Demesine demiş ama dertler insanların yakasını bırakmaz ki.
Derde düçar olanlar derdine derman ararken soyguncuların veya vurguncuların tuzağına rahatlıkla düşebilmiş ve soyulmuşlardır.
İyi bir insan sarrafı olan bu soyguncular dert ehlini, yolunacak kaz gibi görüp son tüyüne kadar yolmayı başarmıştır çoğu kez.

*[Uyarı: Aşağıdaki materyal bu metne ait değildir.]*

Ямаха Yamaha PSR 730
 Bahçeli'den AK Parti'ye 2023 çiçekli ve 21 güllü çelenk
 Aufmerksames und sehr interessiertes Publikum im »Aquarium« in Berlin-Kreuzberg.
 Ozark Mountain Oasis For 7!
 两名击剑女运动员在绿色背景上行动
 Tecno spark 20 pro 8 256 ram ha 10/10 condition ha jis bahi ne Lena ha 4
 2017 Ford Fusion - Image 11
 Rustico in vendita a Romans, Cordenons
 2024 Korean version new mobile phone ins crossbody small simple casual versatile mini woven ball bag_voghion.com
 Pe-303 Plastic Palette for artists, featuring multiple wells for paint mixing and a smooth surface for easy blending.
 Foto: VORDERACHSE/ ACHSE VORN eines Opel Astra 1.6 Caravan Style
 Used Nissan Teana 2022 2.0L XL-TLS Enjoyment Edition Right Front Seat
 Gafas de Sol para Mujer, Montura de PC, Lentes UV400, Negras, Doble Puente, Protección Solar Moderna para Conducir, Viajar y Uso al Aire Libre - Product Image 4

Nitekim psikologa giden bir dertli, 'Geceleri uyuyamıyorum efendim' demiş, 'sürekli yatağın altında biri var gibi geliyor. Yatağın altına girip orada uyumayı deniyorum. Bu defa da yatağın üstünde biri var gibi geliyor...'
Adamı dikkatle dinleyen psikolog ' hallederiz bu saplantıyı' demiş. 'Bana haftada iki kere geleceksiniz. 6 aylık bir tedavi sonunda sizi iyileştireceğimi umuyorum.'
'Her viziteye ne kadar ödeyeceğim?'
'Her vizite 100 TL, buna göre 6 ayda 4 bin 800 TL ödeyeceksiniz'
Adam gitmiş, gidiş o gidiş... Psikolog, birkaç ay sonra adama sokakta rastlamış:
'Ne oldu, hastalığınız?'
'2.5 YTL'ye hallettim... '
'Nasıl oldu?'
'Sizden çıktıktan sonra, ilerdeki bara uğradım. Biramı içerken barmene hastalığımı anlattım. 'Karyolanın bacaklarını kes' dedi... Kestim; mesele halloldu...
Kalın sağlıcakla.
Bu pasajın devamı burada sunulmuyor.